• [What you are asked to do] The task for the listing below is to write out exactly the lines starting at the one containing "Джинсы узкого кроя Amy" and ending at the one containing "Gezellig ingerichte woning", both included. Pictures are to be omitted.

───── The records ─────

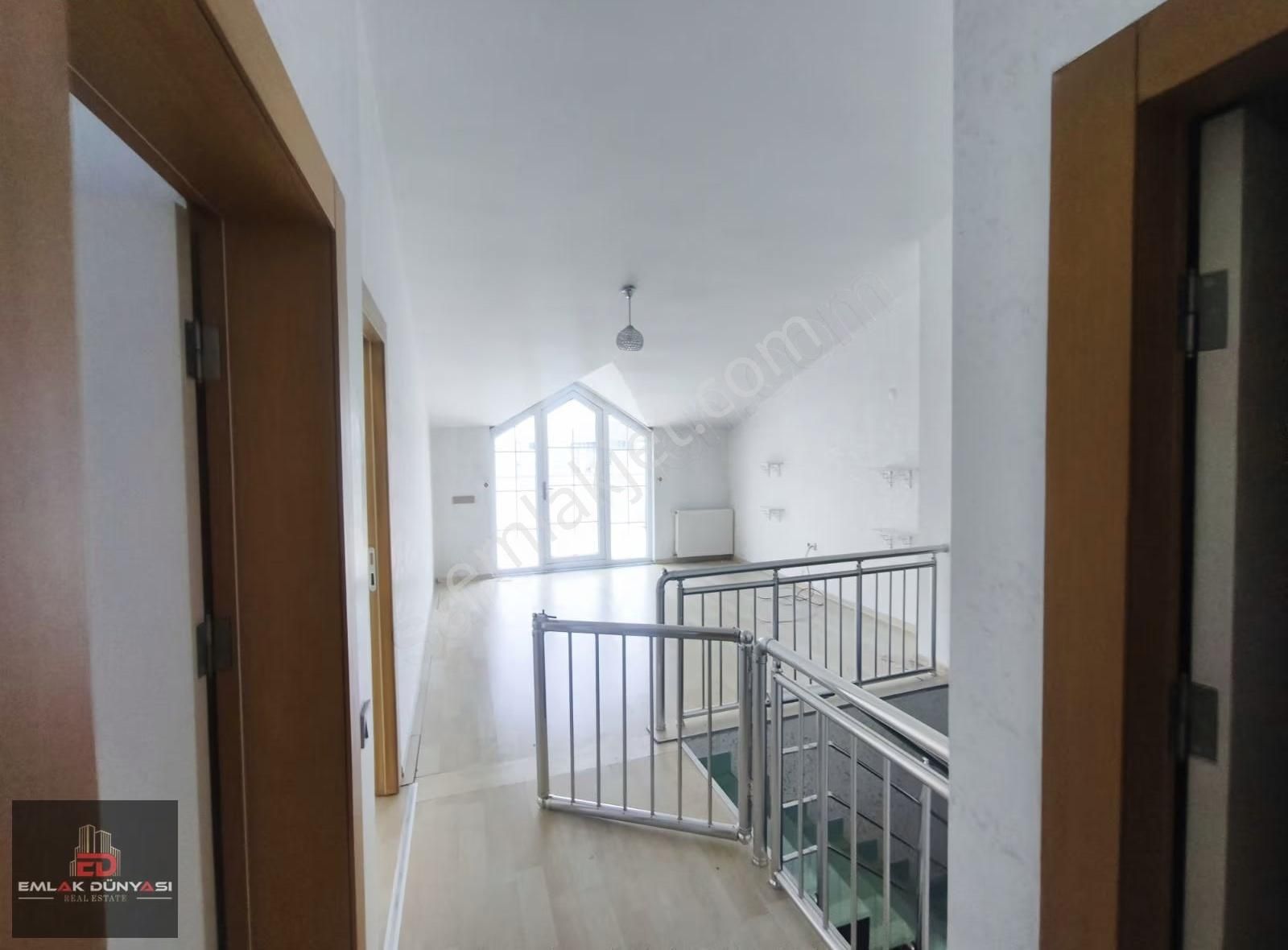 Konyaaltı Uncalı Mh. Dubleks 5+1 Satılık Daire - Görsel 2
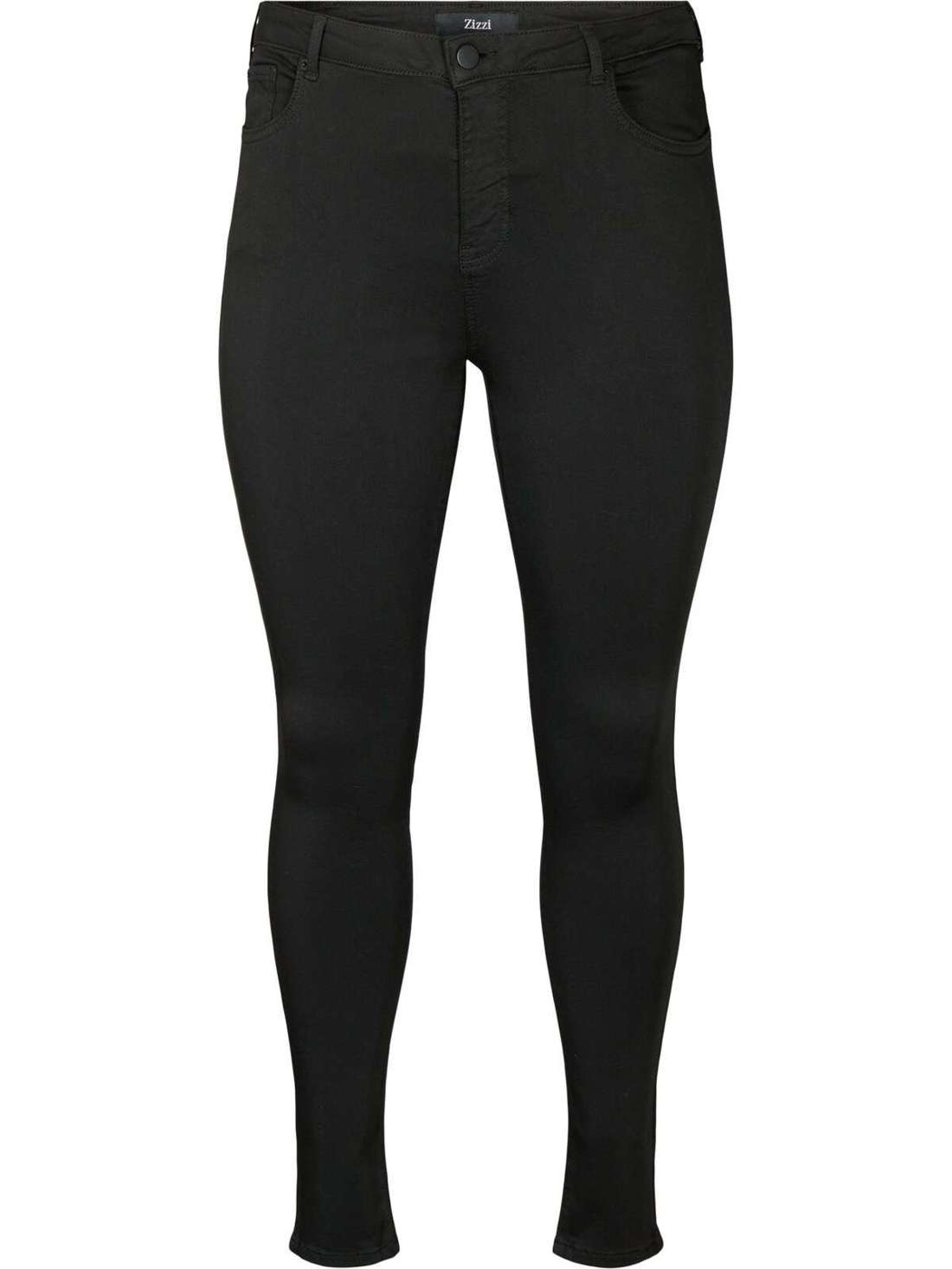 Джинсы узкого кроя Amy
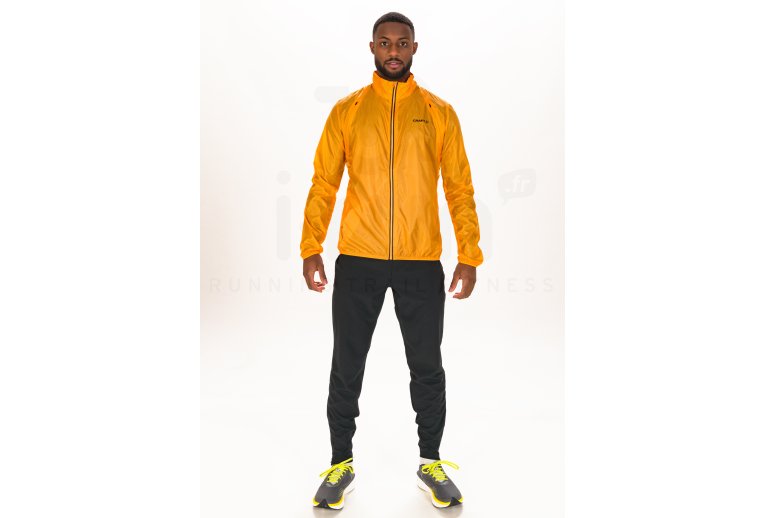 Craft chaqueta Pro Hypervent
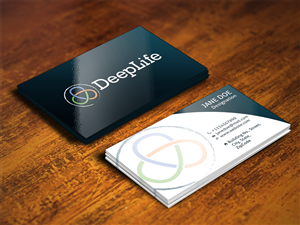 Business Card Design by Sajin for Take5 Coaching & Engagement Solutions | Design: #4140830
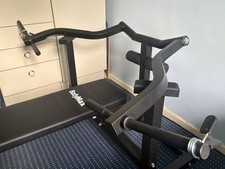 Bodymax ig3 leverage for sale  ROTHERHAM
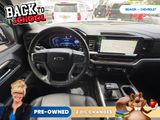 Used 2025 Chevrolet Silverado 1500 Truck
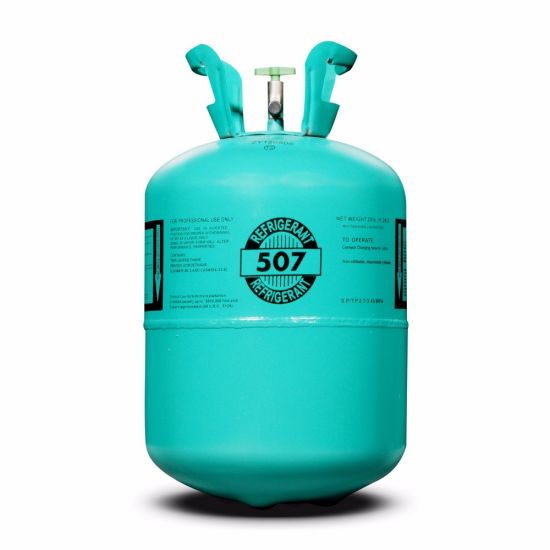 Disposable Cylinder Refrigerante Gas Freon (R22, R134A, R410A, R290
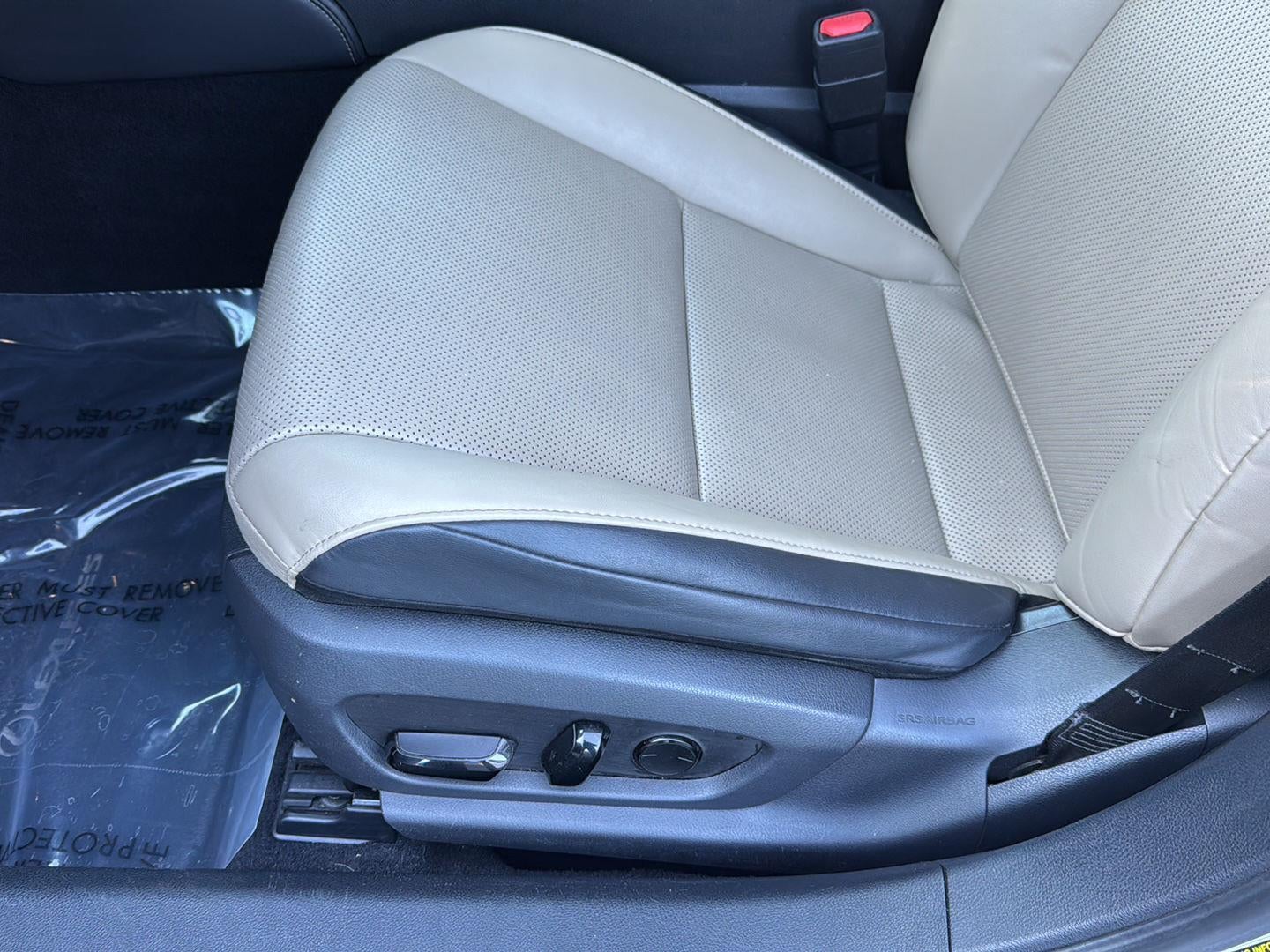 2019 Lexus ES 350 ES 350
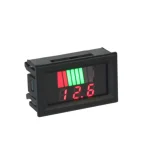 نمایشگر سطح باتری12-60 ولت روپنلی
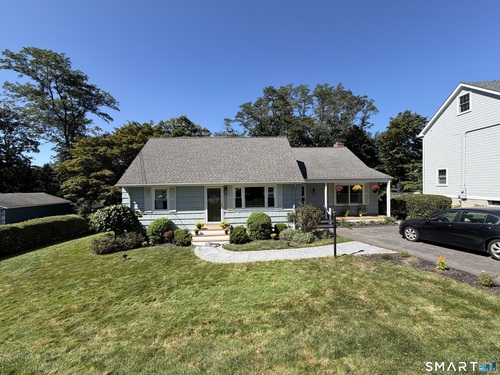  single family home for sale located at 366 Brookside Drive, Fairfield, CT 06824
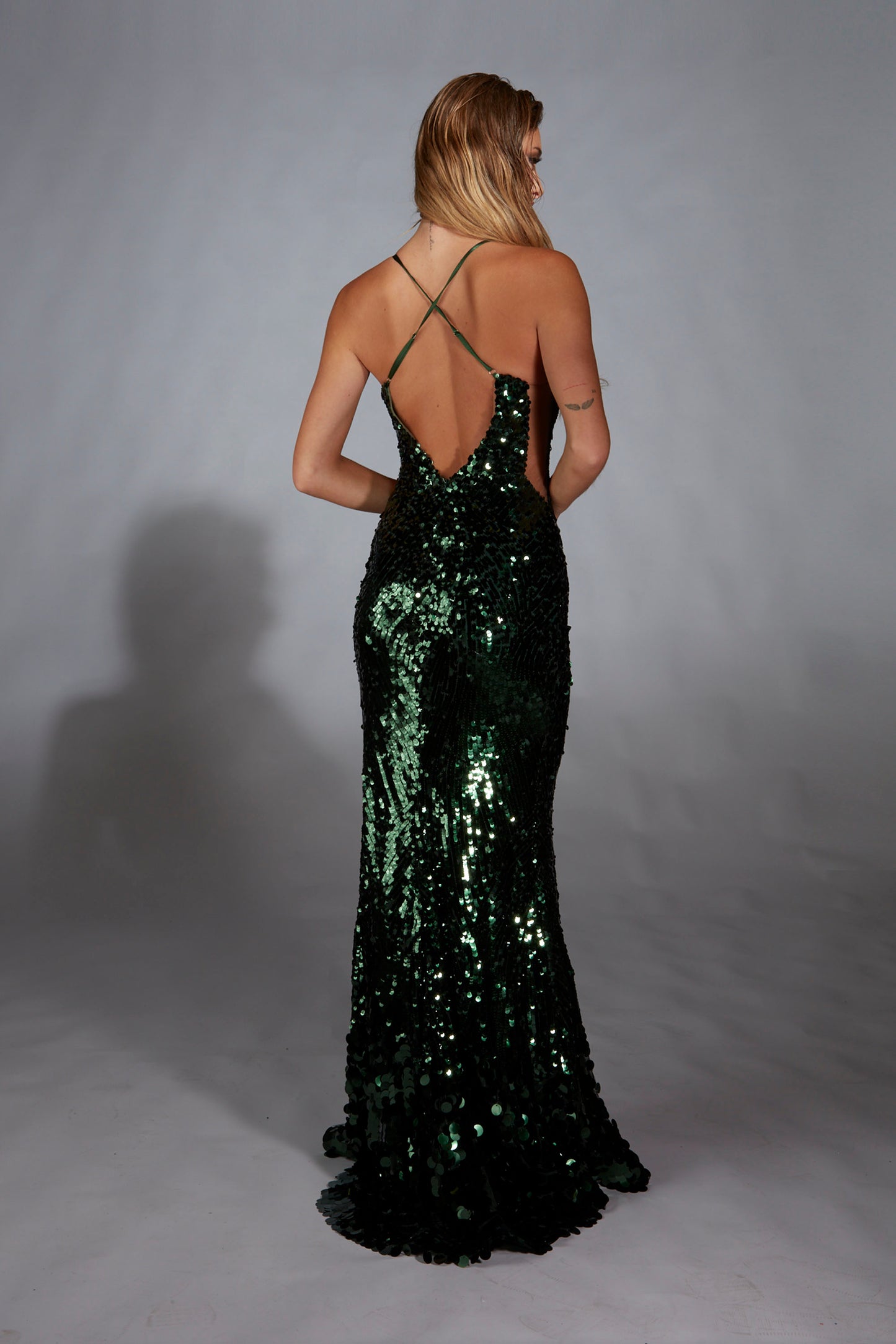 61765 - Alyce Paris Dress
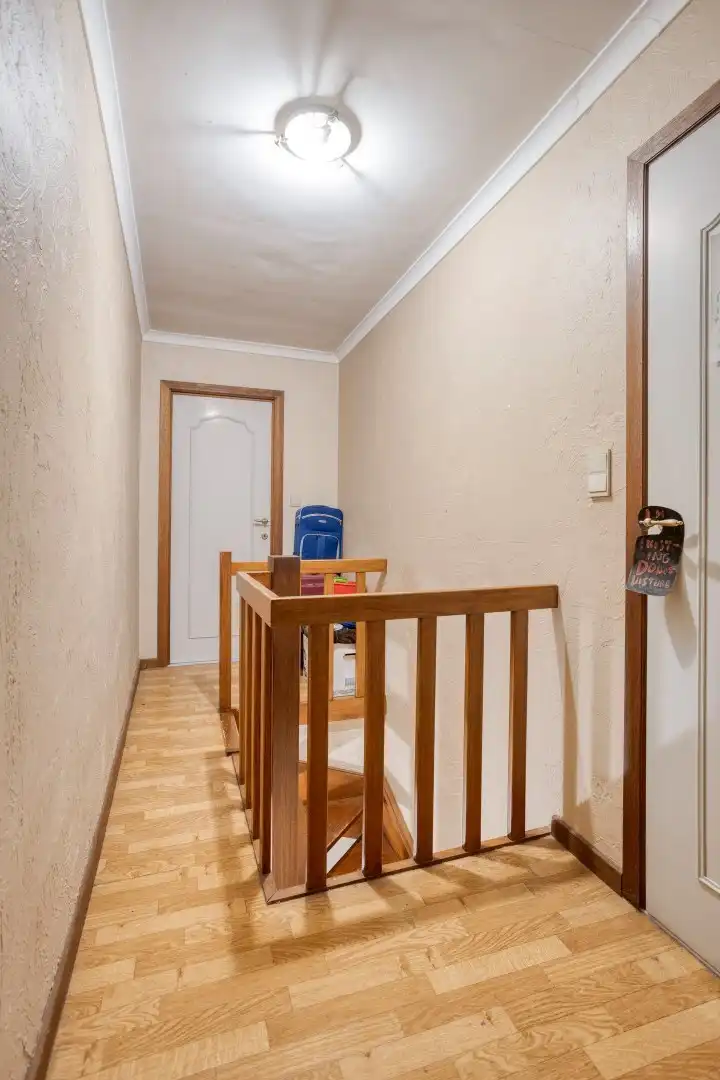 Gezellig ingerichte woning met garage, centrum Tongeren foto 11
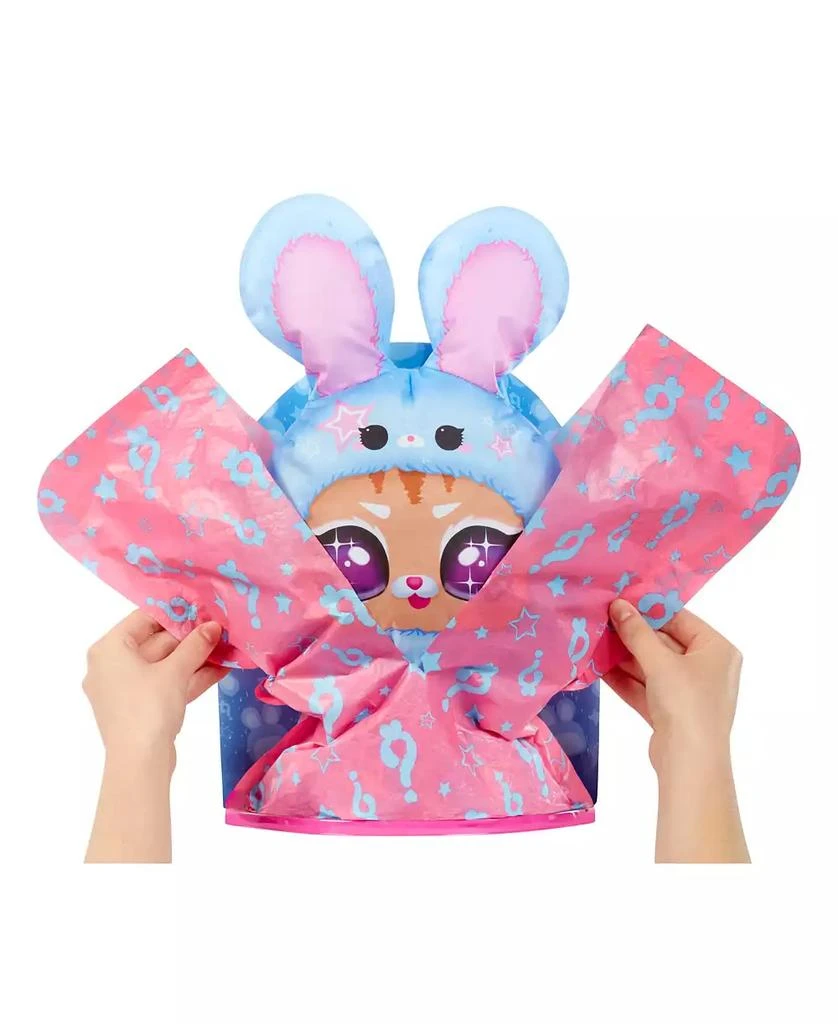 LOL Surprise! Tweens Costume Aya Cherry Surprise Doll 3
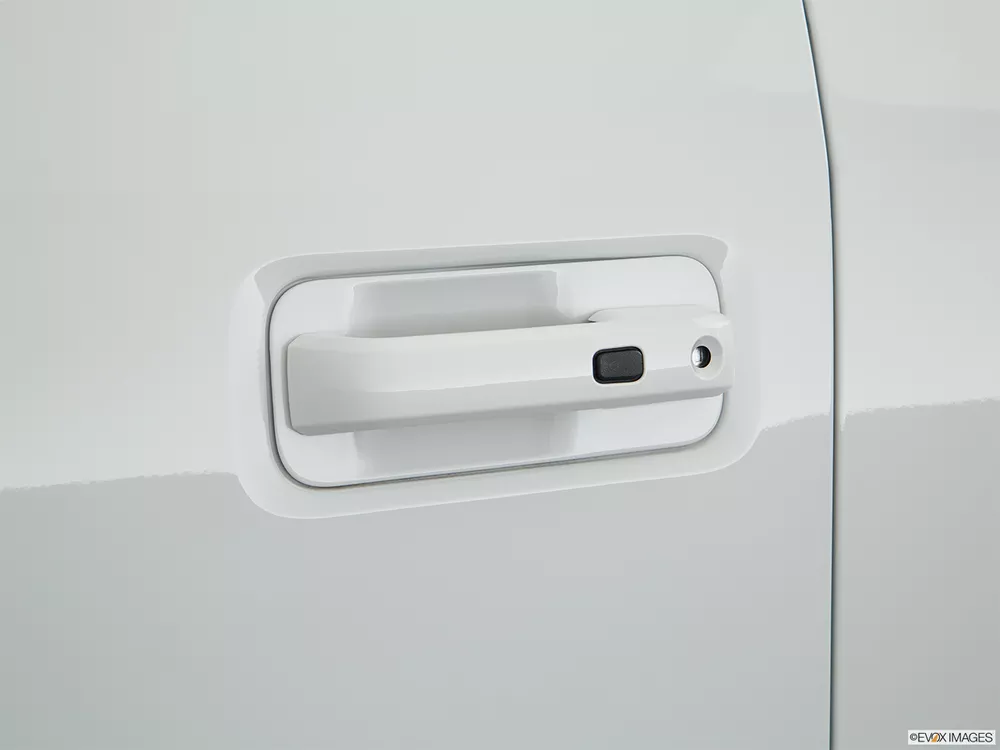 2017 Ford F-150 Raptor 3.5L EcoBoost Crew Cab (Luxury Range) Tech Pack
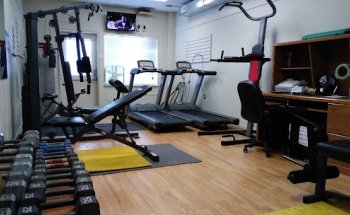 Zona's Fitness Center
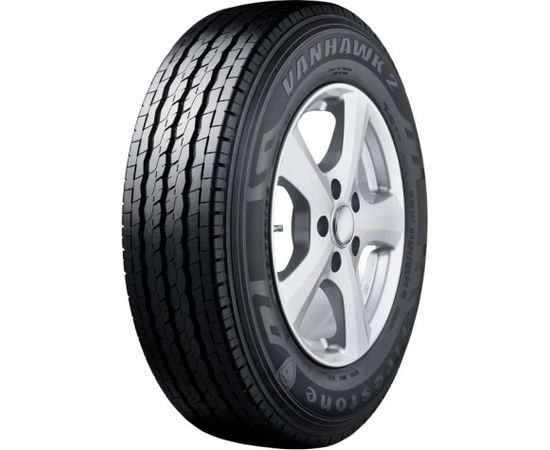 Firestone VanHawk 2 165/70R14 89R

─────

• [Written solution]
 Джинсы узкого кроя Amy
 Craft chaqueta Pro Hypervent
 Business Card Design by Sajin for Take5 Coaching & Engagement Solutions | Design: #4140830
 Bodymax ig3 leverage for sale  ROTHERHAM
 Used 2025 Chevrolet Silverado 1500 Truck
 Disposable Cylinder Refrigerante Gas Freon (R22, R134A, R410A, R290
 2019 Lexus ES 350 ES 350
 نمایشگر سطح باتری12-60 ولت روپنلی
  single family home for sale located at 366 Brookside Drive, Fairfield, CT 06824
 61765 - Alyce Paris Dress
 Gezellig ingerichte woning met garage, centrum Tongeren foto 11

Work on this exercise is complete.